Australian craftsman Trevor Smith tells The Local why the Swedes and the rest of the world should think of chocolate as a luxury product similar to fine wine.

'Chocolate is more than just Willy Wonka'
Trevor Smith. Photo: Private

“People should have more respect for chocolate,” states Trevor Smith firmly.

It is less than a fortnight to Christmas and the Australian artisan chocolate maker is hard at work getting everything ready in time for the holiday season. It's a long process where every step of the way matters, from the very first bean to the finished chocolate bar.

“It's fascinating, it's much more scientific than people give it credit for. I have to source really high-quality cocoa beans, the best of the best. And it is different every year, just like wine – so the harvest I get in 2014 is different from the one in 2015,” he tells The Local.

Smith opened his micro chocolate factory 'Metiisto' in Falun, a small town in central Sweden's picturesque Dalarna region in 2011. But he first moved to the Nordic country many years earlier, after meeting a Polish woman when he was visiting a Swedish friend in Stockholm.

“I noticed the first day that no one said a word to each other in Sweden on the trains, and wanted to prove a point to my friend. So I went up to a girl and started talking to her. We've now been married eight years and have a six-and-a-half-year-old daughter,” he says.
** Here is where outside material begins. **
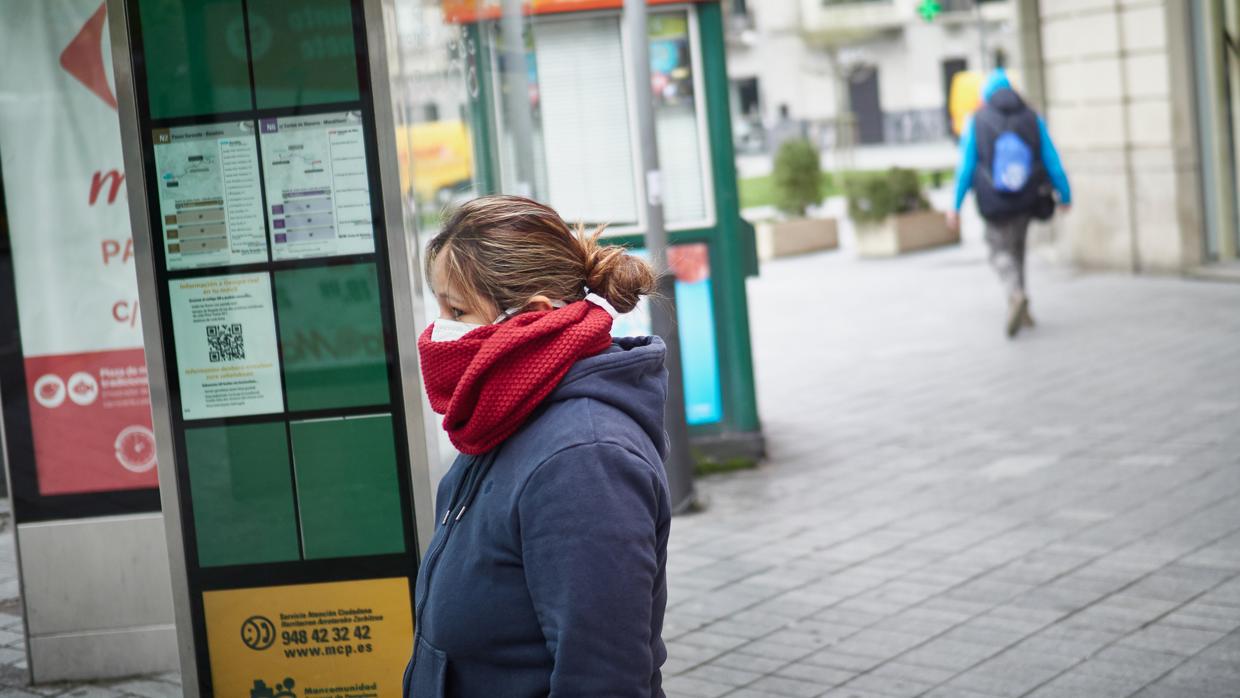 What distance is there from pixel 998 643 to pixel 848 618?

Sweden is known for its work-life balance and high emphasis on family life with generous parental leave. All things Smith values, but he says it is not as easy for someone running their own small business to get access to the same benefits Swedes get in a full-time job.

“If you live the Swedish dream and both have normal jobs, you can have your parental leave and everything is fantastic. But I can't shut down my factory for six months – I wouldn't have a business when I got back,” he says.
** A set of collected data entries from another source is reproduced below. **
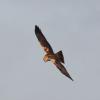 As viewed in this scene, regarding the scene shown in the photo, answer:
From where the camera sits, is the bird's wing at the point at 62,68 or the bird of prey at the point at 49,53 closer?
the bird's wing at the point at 62,68

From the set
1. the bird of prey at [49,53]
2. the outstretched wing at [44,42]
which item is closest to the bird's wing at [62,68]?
the bird of prey at [49,53]

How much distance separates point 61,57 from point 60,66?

The process of making chocolate. Photo: Private

For the past four years, he has been trying to sell the concept of high-quality chocolate to the Swedes, who are known for their sweet tooth, but tend to appreciate their pick 'n' mix and inexpensive candy bars in front of the television at the end of the working week (it's even got a name: 'lördagsgodis' or 'Saturday sweets').

“The thing that's challenging is to understand that chocolate is a commodity, it's a luxury product, just like fine wine. But people think of it as a goody. 'How dare you sell a chocolate bar for 100 kronor when I can get one for 25 kronor?'” he says.

“Pick 'n' mix is just sugar and your health is your own problem. But if you eat cheap chocolate you have a direct effect on the world around you. There's a lot of bad cocoa out there. Swedes like to think they're doing the right thing, but they sometimes hide behind the 'FairTrade' brand,” says Smith.

Smith buys his beans directly from the producers, he says, paying three to five times more than what is considered the standard global fair trade price. He hand sorts the beans himself, roasts them, grinds and refines them, a process which takes around five days.

And that's just the first part. The chocolate then needs to age for around two to three months – again just like wine – before it can be turned into a bar, handwrapped and sold.

Chocolate nibs. Photo: Private

Smith, who broke even for the first time in 2014 and expects to make a small profit this year, hopes more prospective chocolate entrepreneurs will follow in his footsteps once the phenomenon catches the trend-sensitive Swedes' eyes.

“At the time I started I was one of only two chocolate makers in Sweden. A lot of Swedes don't realize that much of the chocolate sold by Swedish brands is actually made abroad,” he says.

“But I believe we can have our cake and eat it. Sitting down in front of the TV and eating a whole 200 gram chocolate bar from the store – it's no different than downing a bag-in-box wine in one night. Chocolate is more than just Willy Wonka,” he says.